Out of shape Steve is better than this POS. :azdaja:


----------



## jdiggidy (Jun 21, 2003)

The grizzlies announcer is so full of crap trying to say that Lowry is as good as Tony Parker. Dude is just a rookie. Hold off on that call for a few years.


----------



## Krimzon (Feb 26, 2007)

These commentators aren't that great.


----------



## jdiggidy (Jun 21, 2003)

This announcer. WTF! That would've been a charge if James didn't foul him first.


----------



## jdiggidy (Jun 21, 2003)

Are we really going to get cheated out of this game? I swear I am going to fly to Memphis and beat the crap out of the grizzlies announcers!!


----------



## DuMa (Dec 25, 2004)

grizz puttin up a good fight. yao's gotta finish this game for us


----------



## yaontmac (Jul 5, 2006)

Is TMac injured?


----------



## jdiggidy (Jun 21, 2003)

I'm going to start my pessimist talk now so that someone besides Yao or TMac will prove me wrong. Nobody has stepped up tonight. We need to go old school Detroit and get physical on these guys and close this game out.


----------



## Krimzon (Feb 26, 2007)

Can someone else score besides Yao and T-Mac?


----------



## jdiggidy (Jun 21, 2003)

Bonzi playing like a beotch tonight. This is the kind of game that you put Steve in and see what he can do.


----------



## jdiggidy (Jun 21, 2003)

I'm out for tonight. Can't watch anymore. Hopefully we will come back and I will be sad I missed it.


----------



## Legend-Like (Mar 25, 2006)

Sucks that you'll miss it. I cant take much more though. Nobodys stepping up and nobody can shoot besides T-mac and Yao.


----------



## DuMa (Dec 25, 2004)

bonzi has wasted his chances tonight. 3-5 years ago he wouldve ran over those little guards that try to post defend him. 

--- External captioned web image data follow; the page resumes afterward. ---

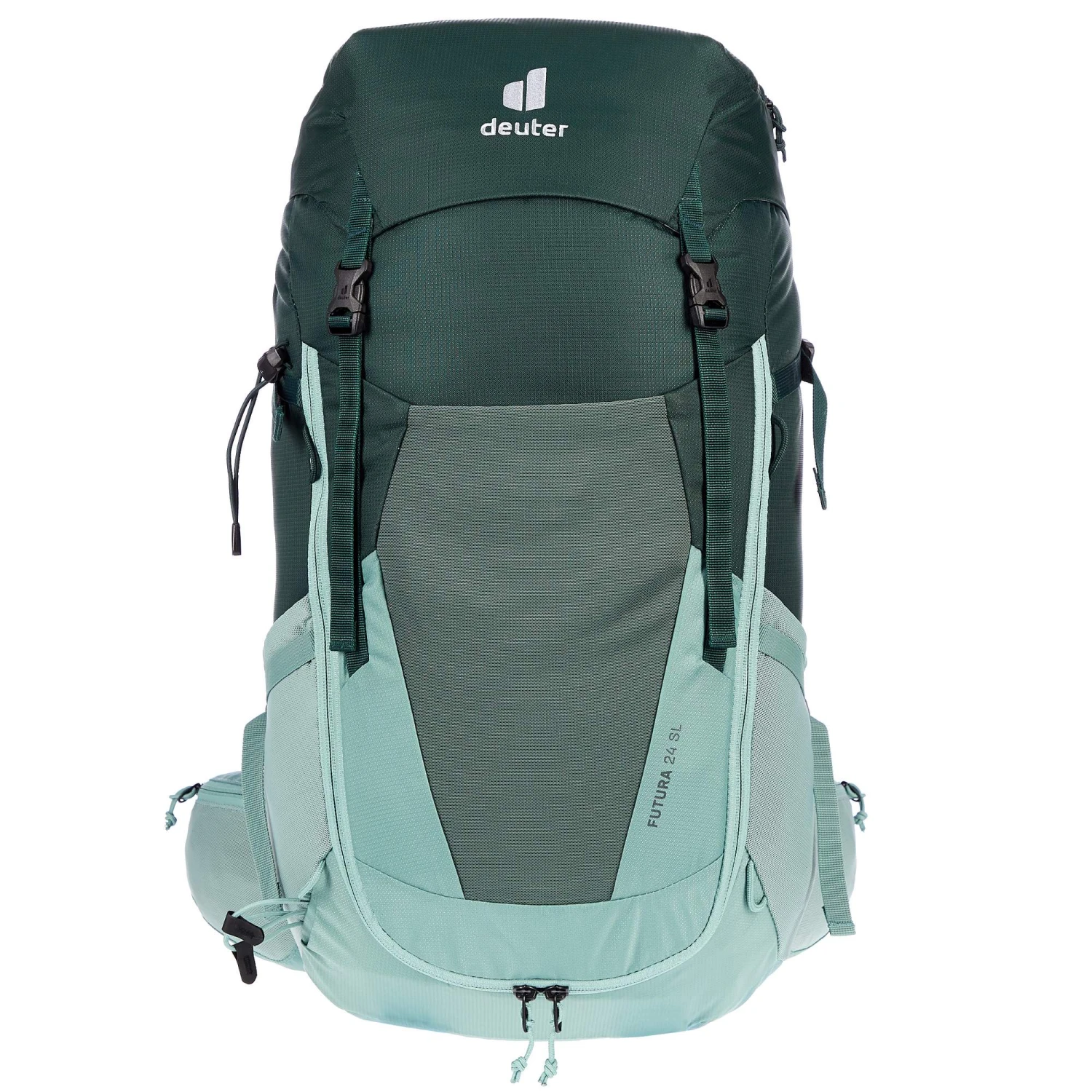 Deuter FUTURA 24 SL Damen - Tagesrucksack 6 Deuter FUTURA 24 SL Damen - Tagesrucksack – Bild 6
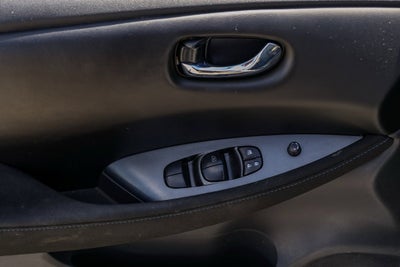 2024 Nissan Leaf S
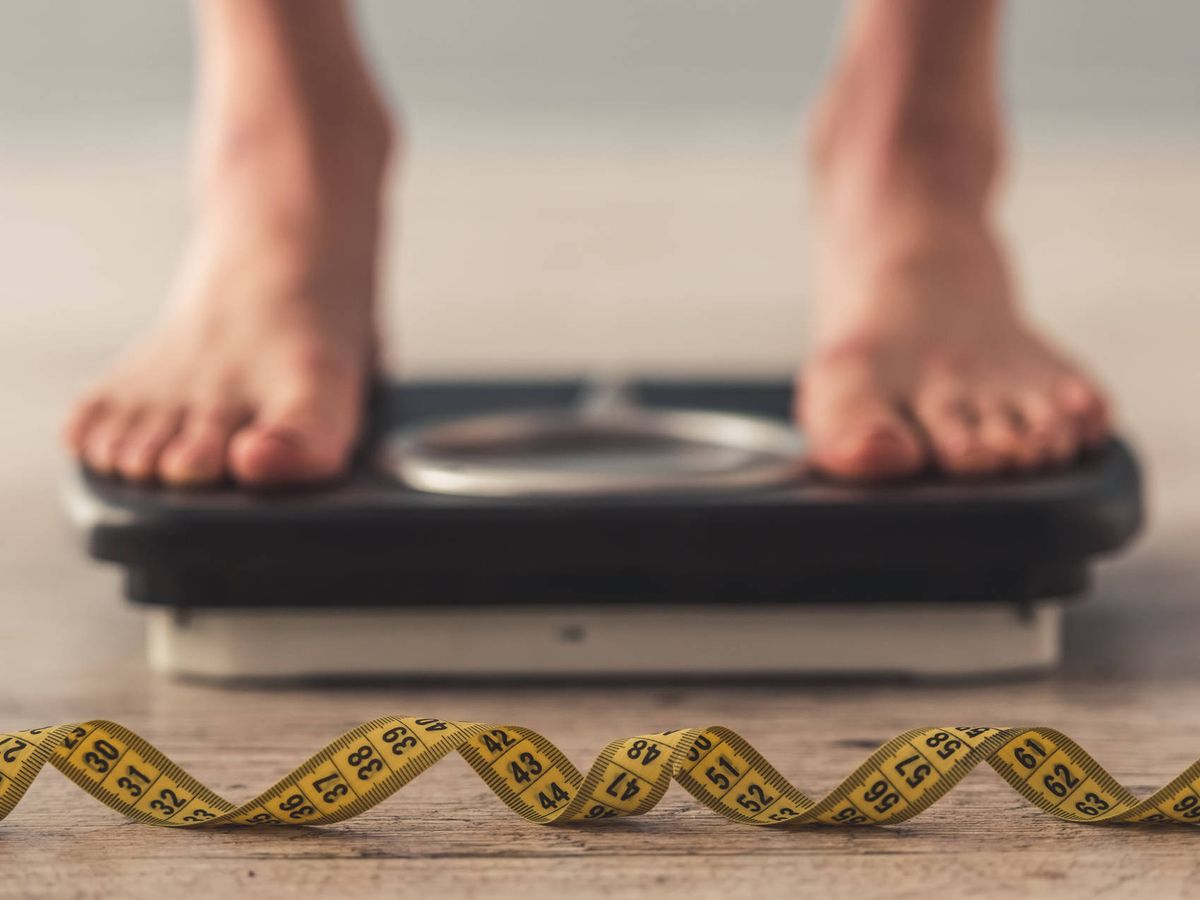 12 trucos para adelgazar sin hacer dieta que sí funcionan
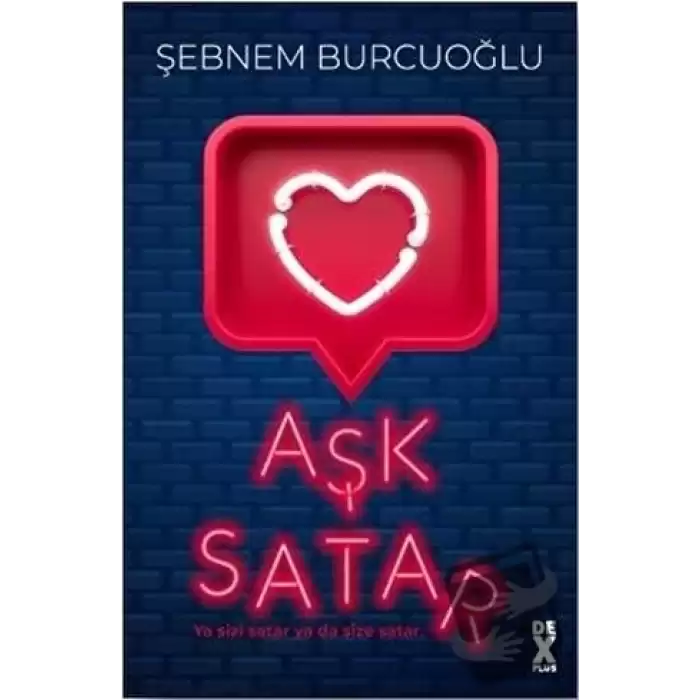 Aşk Satar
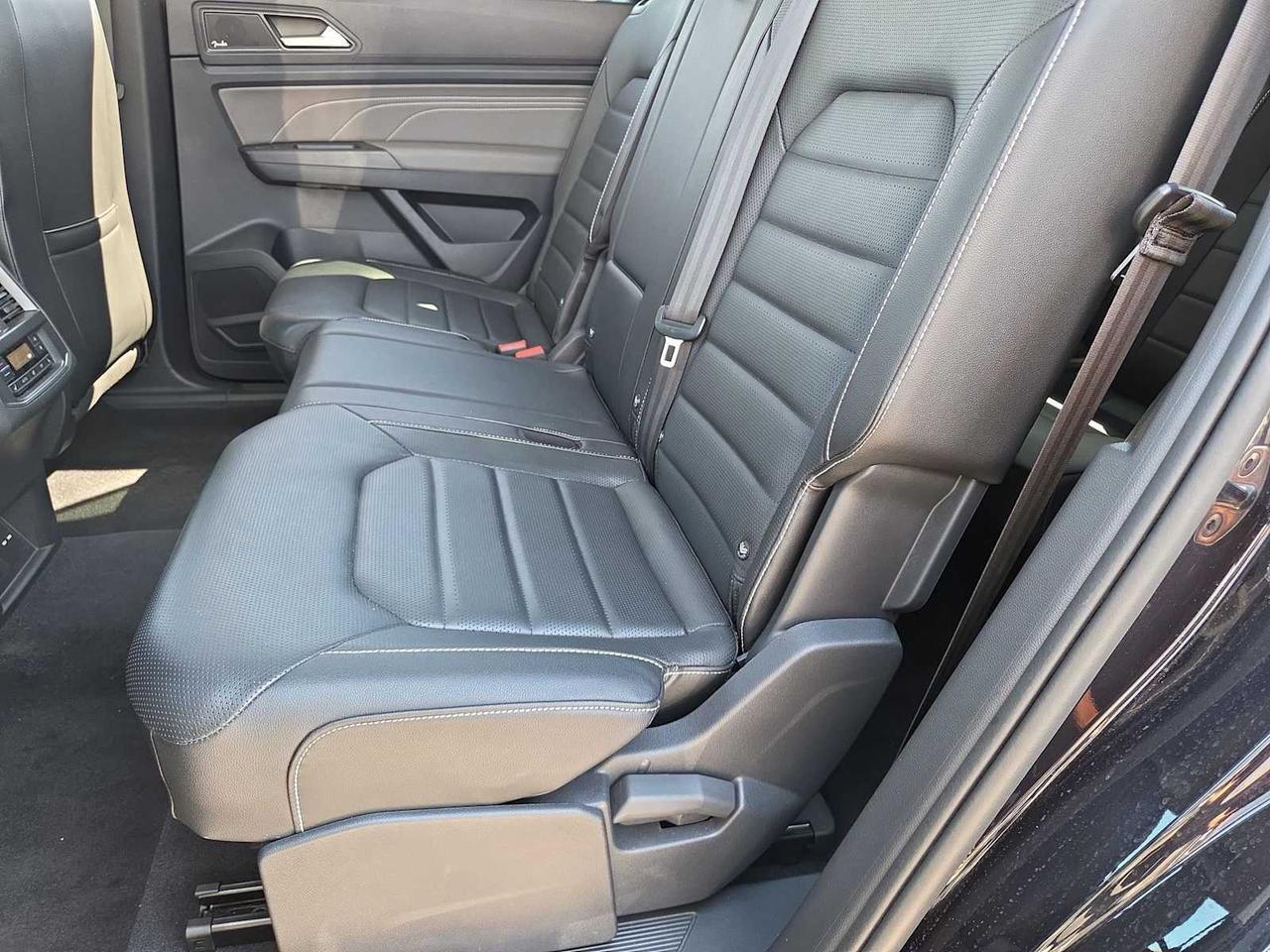 2022 Volkswagen Atlas 3.6L V6 SEL Premium R-Line Irving TX
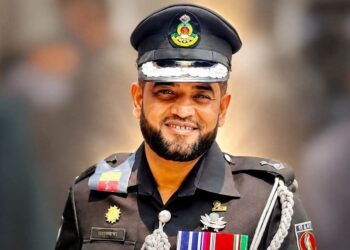 র‍্যাব কর্মকর্তার পাশবিক নির্যাতন ও ট্রমা সইতে না পেরে ৩৪ বছরেই ভুক্তভোগী নারীর মৃত্যু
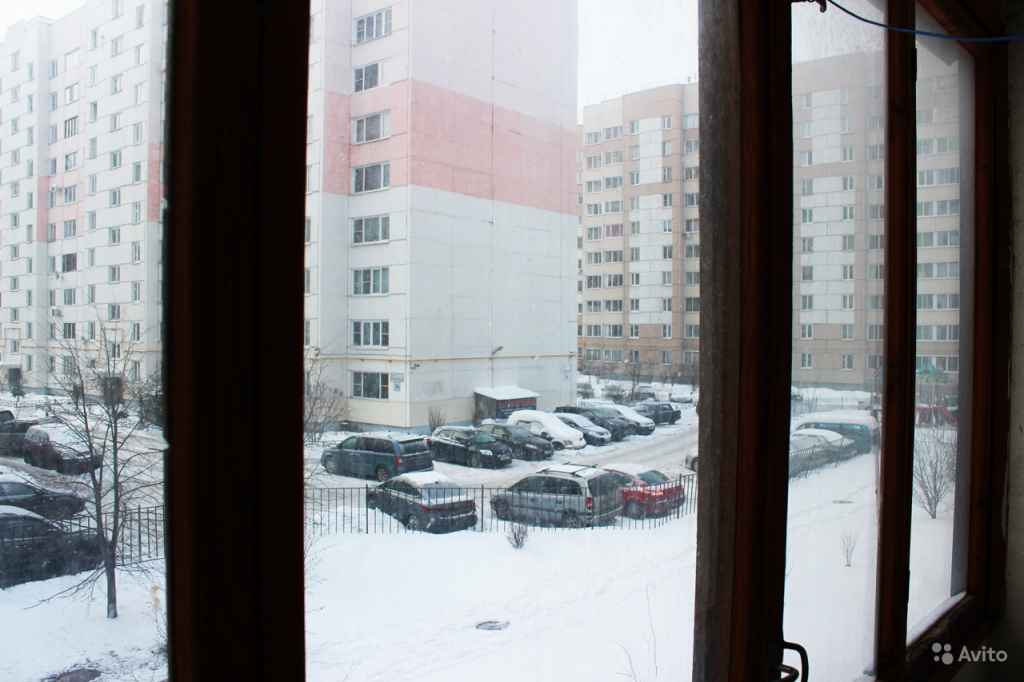 1-к квартира, 40.6 м², 2/10 эт. в Санкт-Петербурге. Фото 6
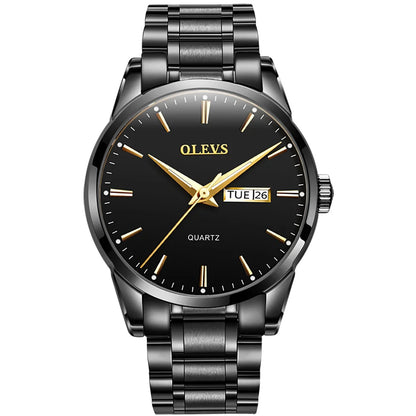 Bennstore OLEVS Men Watches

easily the goat if we lose tonight. :X


----------



## OneBadLT123 (Oct 4, 2005)

Different team from last year, different coach, same ****ING problems

*SOMBODY OUTSIDE OF TMAC AND YAO PLEASE MAKE A DAMN SHOT!*


----------



## AllEyezonTX (Nov 16, 2006)

7-0 run was a much needed one! Tmac to Hayes


----------



## DuMa (Dec 25, 2004)

tmac saving our arses!


----------



## DuMa (Dec 25, 2004)

hayes fouls out. whos gonan guard pau


----------



## OneBadLT123 (Oct 4, 2005)

the rest of the team still sucks


----------



## Krimzon (Feb 26, 2007)

Down by 4. There is still time to win this.


----------



## DuMa (Dec 25, 2004)

fack


----------



## Legend-Like (Mar 25, 2006)

Gawd Dam down by 4 101-97


----------



## AllEyezonTX (Nov 16, 2006)

I expect Mike James to start & francis off the bench next game - No 15-1 this year, boys


----------



## OneBadLT123 (Oct 4, 2005)

so many bull**** calls, and so many missed shots

With absolutely no defense. How can you expect to win?


----------



## DuMa (Dec 25, 2004)

wtf dammit james. pass it back to tmac!


----------



## DuMa (Dec 25, 2004)

41 pt night by TMAC wasted. JUNK!!!!!


----------



## hroz (Mar 4, 2006)

Dang

Why do we keep losing to the Grizzlies.........I mena there is this game & twice in preseason. THey might be to us what the GSW are to the Mavs.........We still have 3 more games against them.

ALso with the addition of Wells, Scola James & Francis werent we meant to have more depth.

Why cant any of them score........................

Frustrating................


----------



## Krimzon (Feb 26, 2007)

T-Mac is not happy. I can see why. James and Wells were doing well in the first few games. What happen? Can Francis have some playing time?


----------



## lingi1206 (Jun 2, 2006)

:nonono::banghead:


----------



## OneBadLT123 (Oct 4, 2005)

*Why cant we make a damn shot :banghead::banghead: *


----------



## lingi1206 (Jun 2, 2006)

OneBadLT123 said:


> so many bull**** calls, and so many missed shots
> 
> With absolutely no defense. How can you expect to win?


exactly! what the **** with those calls


----------



## DuMa (Dec 25, 2004)

Junk!!!!!!!


----------



## OneBadLT123 (Oct 4, 2005)

No excuses at all this game. We had taken more shots, and had less turnovers. There was NO excuse to not winning this game.

Totally unacceptable


----------



## Basel (Mar 31, 2005)

Don't be upset, guys. You're playing the Lakers tomorrow. It's practically a guaranteed win.


----------



## CbobbyB (Feb 16, 2006)

Memphis?...Memphis? We talkin' 'bout Memphis!

Lakers, Spurs, Phoenix, Dallas, here we come.

We could easily end up with a 6-6 record...unbelievable.


----------



## hroz (Mar 4, 2006)

The Spurs would never do this..............

New Rule Bonzi starts when we play the Spurs but never gets on the court otherwise........


The scary part is the stats look good for us
FG: 47% - 50%
3P: 21.1% - 9.1%
TO: 9 - 17
Rebounds 36 - 44
Steals 10 - 6

But the big difference is.
FT: 17/24 - 34/41


----------



## edwardcyh (Dec 13, 2005)

Seriously guys. You all need to relax a little.

We are less than 10% into the season, and you have a brand spanking new coach....

Still... Rafer's gotta go. I can't stand him.


----------



## bronx43 (Dec 9, 2005)

Basel57 said:


> Don't be upset, guys. You're playing the Lakers tomorrow. It's practically a guaranteed win.


Nothing is a guaranteed win for this team. To win, you have to put the ball in the basket. Houston can't seem to do that right now.


----------



## lingi1206 (Jun 2, 2006)

hroz said:


> The Spurs would never do this..............
> 
> New Rule Bonzi starts when we play the Spurs but never gets on the court otherwise........
> 
> ...



there is the bottom line. there was a lot of questionable calls and the blocking fouls killed us and i thought that we all know that no fouls at the end but thats what we did fouled


----------